Abstract Expressionism, African sculpture and Zen Buddhism were all major influences in Davie’s

work. At his peak in the 1950s he was hailed alongside Francis Bacon as the most influential artist of his time before falling into relative obscurity as critical interest in his work waned a few decades later.

Canvases from this period tend to fetch the most on the secondary market with Goddess of the Green (1954), a work famously admired by Jackson Pollock, selling for £195,000 at Sotheby’s Stanley Seeger auction in 2007.

Robust results

These highlights followed the robust sale of higher valued Scottish painting and sculpture at the Edinburgh saleroom. The £1.32m sale total and 87% selling rate (from 186 lots) on December 8 bettered the October and November sales held at rivals Bonhams Edinburgh and Sotheby’s London.


The Yellow Jumper by Joan Eardley, a record £160,000 at Lyon & Turnbull on December 8.

One of Joan Eardley’s (1921-63) distinctive portrayals of Glasgow’s poverty-stricken children was the headliner, breaking a 14-year auction record for the artist.

This first-rate example, a 22½in (57cm) square oil and collage called The Yellow Jumper (1963), was painted in the final year of the artist’s life. The children she depicted were two members of the Samson family who would often sit for her in return for drawing paper and a few pence to spend at the sweet shop. To the verso, Eardley had painted Glasgow tenements.

The picture’s last appearance at auction in 2011 drew a winning bid of £105,000, one of only three canvases by the artist at the time to tip into six figures at auction. L&T’s estimate of £100,000-150,000 reflected this previous strong performance and Eardley’s overall reputation as a highly bankable name on the market.

In the event it sold to a private buyer for £160,000, eclipsing the previous record of £140,000 paid at Sotheby’s in 2008 for Beggars in Venice (a rare subject inspired by Eardley’s trip to Italy on a travelling scholarship).

Peploe and Fergusson


Still Life with Jug and Pears by Samuel Peploe, £110,000 at Lyon & Turnbull.

The other six-figure sum was claimed by a mature still-life by Colourist Samuel Peploe (1871-1935), dating to c.1925. Quite different from the bright and bold still-lifes the artist is best known for, the 18 x 16in (45.5cm x 40.5cm) oil on canvas Still Life with Jug and Pears depicts a simple arrangement of a white jug with apples and pears executed in a toned-down palette.

The £80,000-120,000 estimate reflected its more niche appeal and it sold to a private buyer for £110,000.


Stability by John Duncan Fergusson, £56,000 at Lyon & Turnbull.

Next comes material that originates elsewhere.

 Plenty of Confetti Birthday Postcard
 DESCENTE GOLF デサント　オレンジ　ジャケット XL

More bids emerged for a small, thickly textured portrait of a woman’s head in profile painted by fellow Colourist John Duncan Fergusson (1874-1961) in the First World War. It sold for a multi-estimate £56,000, around a £50,000 (inflation adjusted) return on its previous auction price of £3400 at Sotheby’s in 1998.

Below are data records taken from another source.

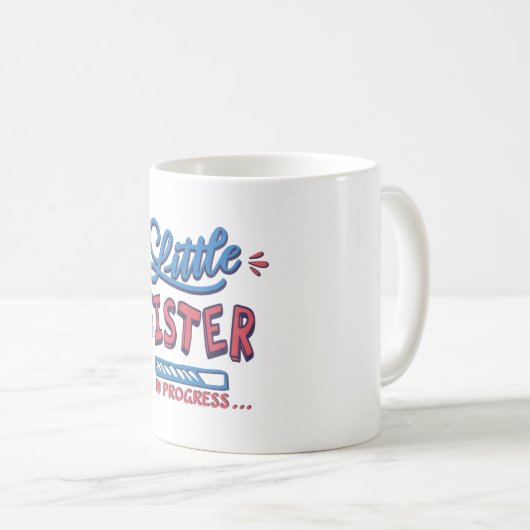 Mug Petite soeur en cours (Devant droit)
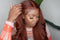 New #33 Red Brown Auburn Color Wig 4X4/13X4 Yaki Straight Human Hair Wig Fall Trend Hair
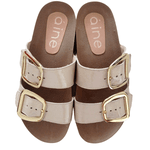 Sandália Slide Viena - Off White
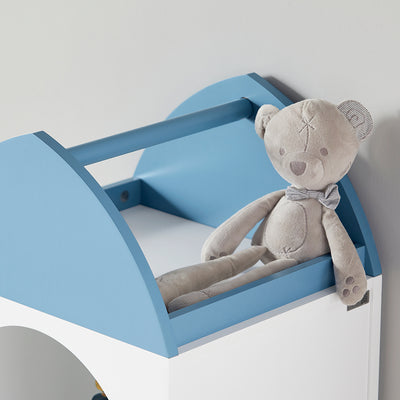 SoBuy KMB87-W Étagère Enfant, Étagère à Livres, Bibliothèque Enfant, Étagère de Rangement pour Livres et Jouets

The 13 x 10in (33 x 25.5cm) mixed media work Stability comes from a series of female heads the artist painted in 1916 and was one of over 30 pictures shown in his solo exhibition at The Connell Gallery in London two years later. It was priced at £50.

The best works from the series are cherished among collectors with arguably the finest of them, Poise (which Fergusson had priced the highest of all his works in the 1916 show), taken to £530,000 at Christie’s in 2014, a record price for the Colourist at auction.

Glasgow Girl


Elizabeth by Bessie MacNicol, £48,000 at Lyon & Turnbull and a joint record for the artist at auction.

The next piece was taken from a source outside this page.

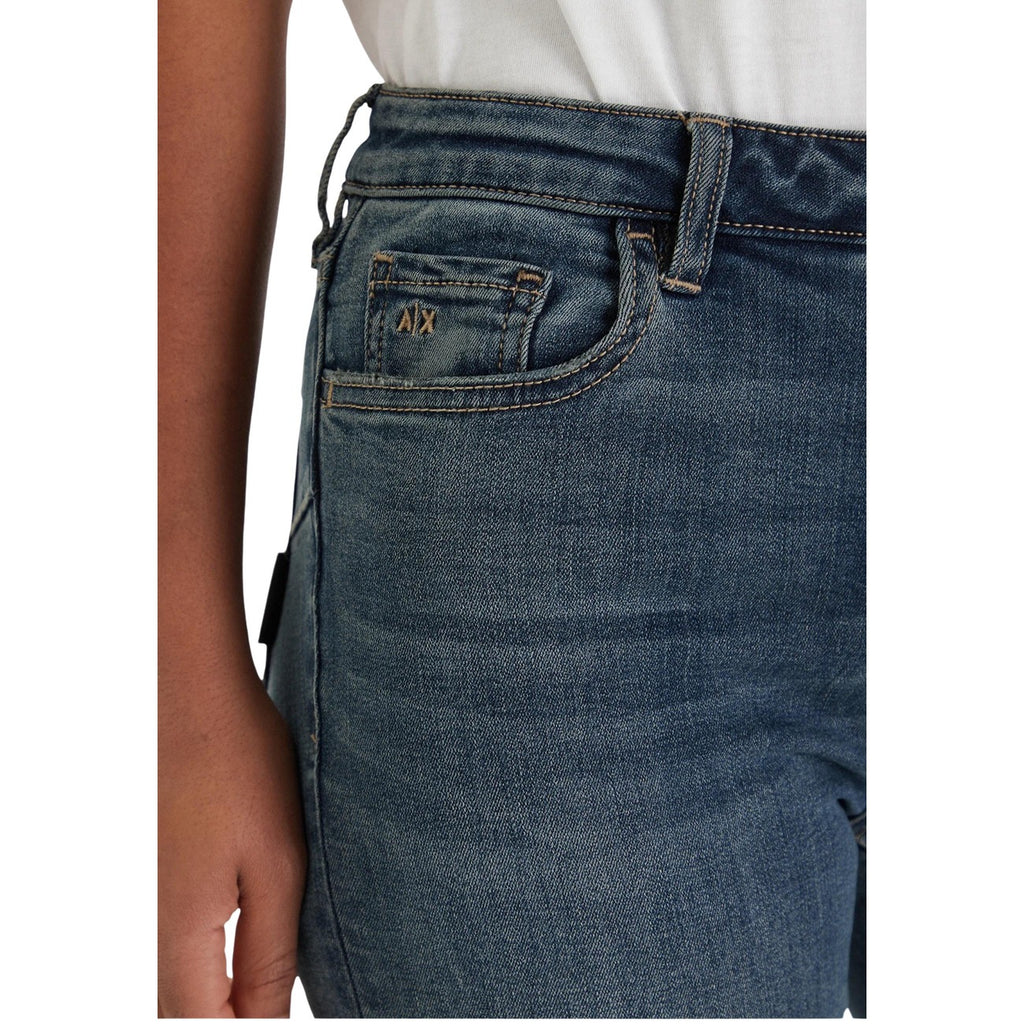 Armani Exchange blå jeans med stretch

Along with the Eardley, buyers also snapped up works by other Scottish women, including a rare portrait by Glasgow Girl Bessie MacNicol (1869-1904).

Elizabeth (1897) drew clear influences from Whistler and the Impressionists she had seen during her sojourn in Paris and was knocked down at £48,000, over twice its low estimate and a joint high for the artist at auction alongside Vanity (1902), a much larger canvas of a female nude sold at Sotheby’s in 1996.


Crossing the Bridge in a Storm by Anne Gibson Nasmyth, £12,000at Lyon & Turnbull.

Strong interest also emerged for Crossing the Bridge in a Storm, a 19th century stormy highland scene by Anne Gibson Nasmyth (1798-1874), daughter of the Romantic landscapist Alexander Nasmyth. Works by Anne are rare, with this example selling for £12,000 to a buyer on, over twice its estimate.